Inductive nat1 : Set :=
| O : nat1
| S : nat1 -> nat1
.
(* is the same as *)
Inductive nat1 : Set :=
| O : nat1
| S : forall (n : nat1), nat1
.

(* and *)
Inductive ev : nat -> Prop :=
| ev_0 : ev 0
| ev_SS : forall (n : nat), ev n -> ev (S (S n))
.
(* is the same as *)
Inductive ev : nat -> Prop :=
| ev_0 : ev 0
| ev_SS : forall (n : nat) (e : ev n), ev (S (S n))
.

Any time you see a type looking like a -> b, it's really a short-hand for forall (_ : a), b, that is, we expect an input of type a, and return an output of type b.

The reason why we write forall (n : nat) in ev_SS is that we have to give a name to the first argument, because the type of the second argument will depend on it (the second argument has type ev n).

Answer 2

If you replace Prop with Set then you say you understand the definition:

Inductive ev' : nat -> Set :=
| ev_0' : ev' 0
| ev_SS' : forall n : nat, ev' n -> ev' (S (S n)).

For every n : nat we think of ev' n as a type which has some elements, or perhaps none. Because this is an inductive definition, we can tell what the elements of ev' 0 are: the only element is ev_0' (or to be more precise, every closed term of type ev' 0 computes to ev_0;). There are no elements of ev_0 1, but there is an element of ev 2', namely ev_SS' 0 ev_0'. In fact, a little bit of thinking shows that ev n is either empty or a singleton, depending on whether n is even or odd.

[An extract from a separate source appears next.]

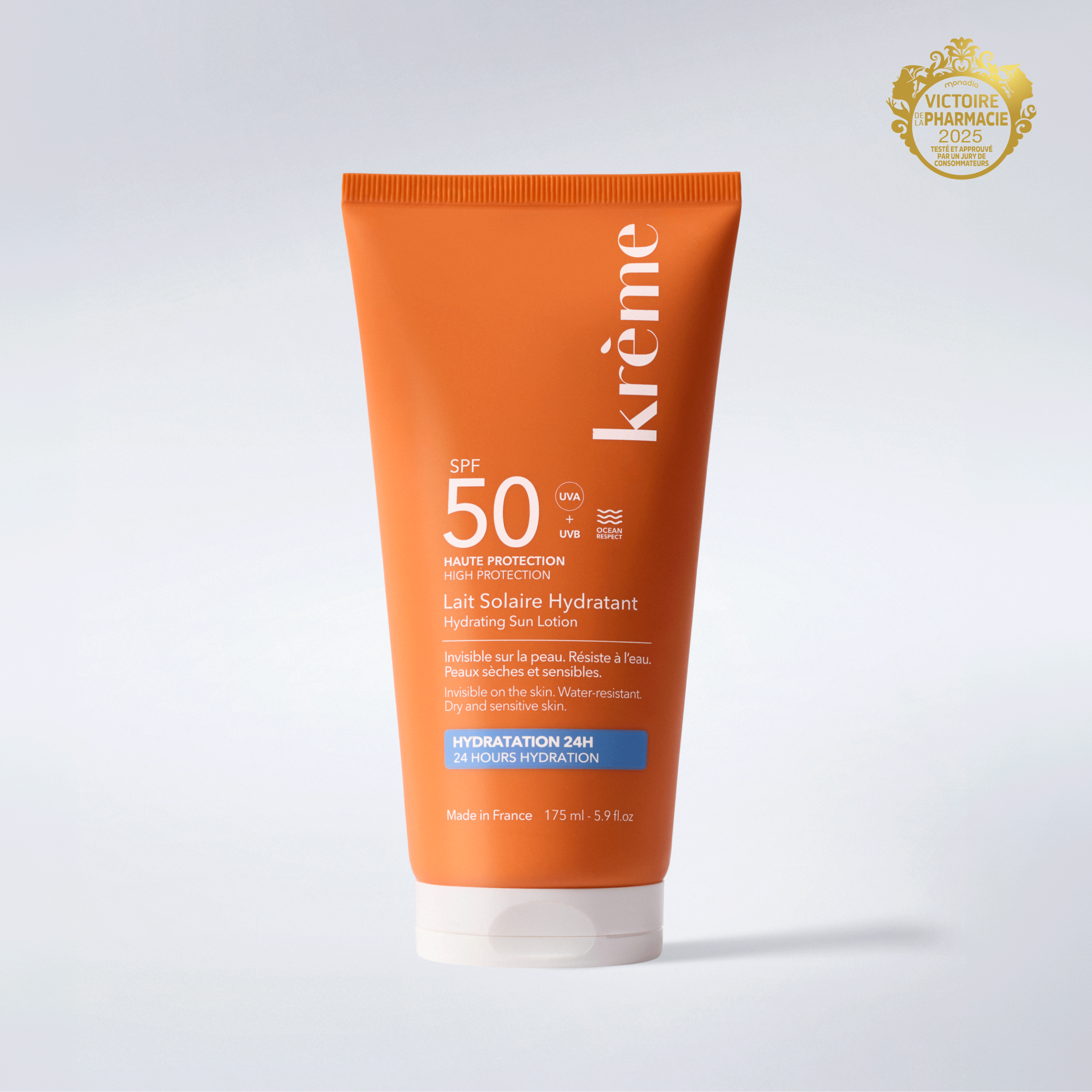 Lait Solaire Hydratant SPF 50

It's exactly the same when we switch from Set to Prop, except that the reading is different: Set is a (large) type of types, Prop is also a type of types (they are universes). Each element of Prop is a type (but we prefer to call it a "proposition") which has some elements (but we prefer to call them "proofs"). So consider this:

Inductive ev : nat -> Prop :=
| ev_0 : ev 0
| ev_SS : forall n : nat, ev n -> ev (S (S n)).

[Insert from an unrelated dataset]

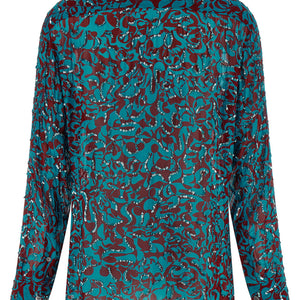 Dries Van Noten Clavelly Shirt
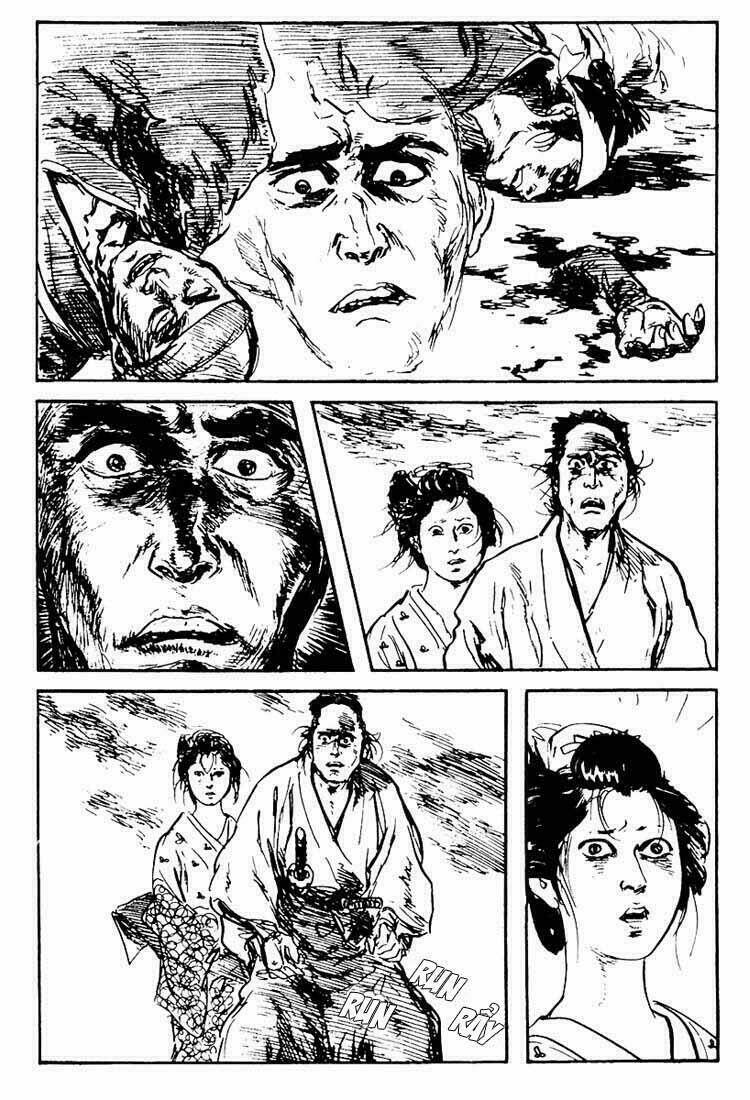 lone wolf and cub chapter 94 35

For every n : nat, we think of ev n as the statement that n has the property ev, whatever that property might be. For any give n, there may be a proof of ev n, in which case n has the property ev, or there may be no such proof, in which case n does not have the property ev. Because this is an inductive definition, we can tell what the proofs of ev_0 are: they all compute to ev_0'. There are no proofs of ev_0 1, but there is a proof of ev 2, namely ev_SS 0 ev_0. In fact, a little bit of thinking shows that ev n has a proof if, and only if, n is even. We now understand that ev is the property of being "even".

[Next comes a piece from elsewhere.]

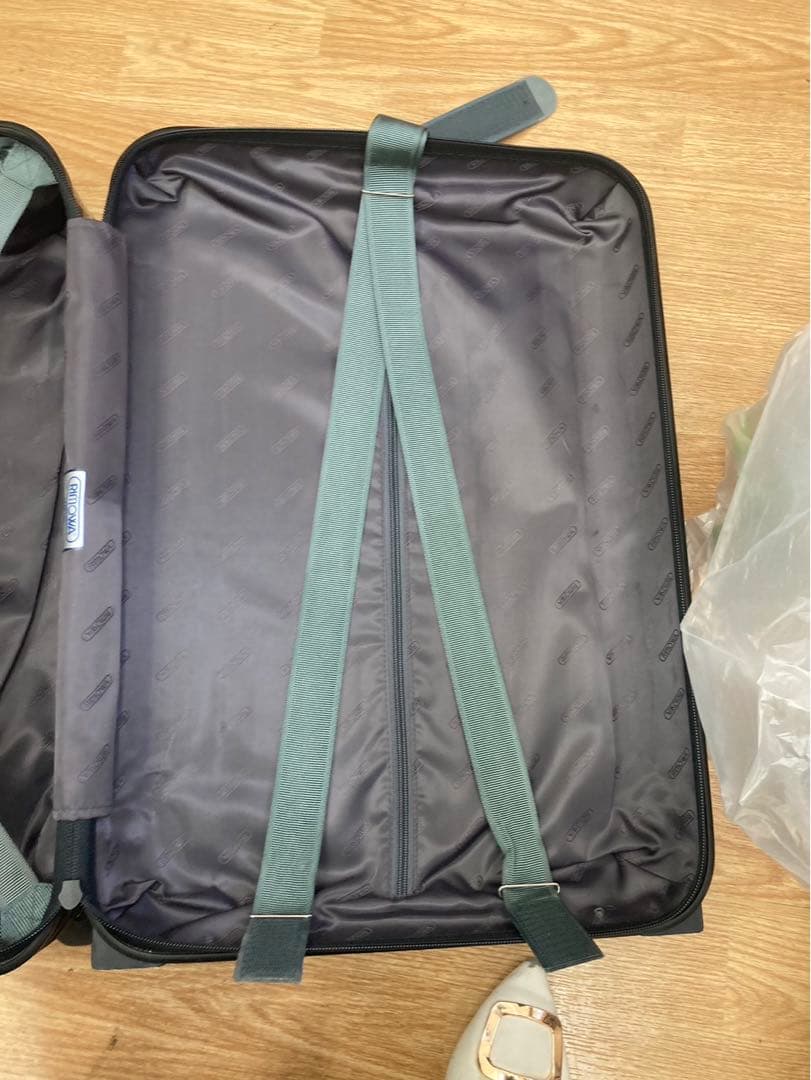 RIMOWA リモワ　キャリーバック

This is knows as "propositions as types".

We observed that ev' 0 contains just one element ev_0'. The type unit also contains just one element tt. Does this mean that ev' 0 and unit are equal? No, but they are equivalent because we can provide functions ev' 0 -> unit and unit -> ev' 0 which are inverses of each other.

We can ask the same question about ev 0: is it equal to True? No, but they are equivalent because we can prove the implications ev 0 -> True and True -> ev' 0.

One starts to wonder what the difference between Prop and Set is. For a type P : Prop all of its elements are considered equal, i.e., Coq does not allow us to distinguish between them. (This is a bit of a pedagocical lie, because in reality Coq is agnostic about whether all the element of P are considered equal, but perhaps it's better not to get into this right now.)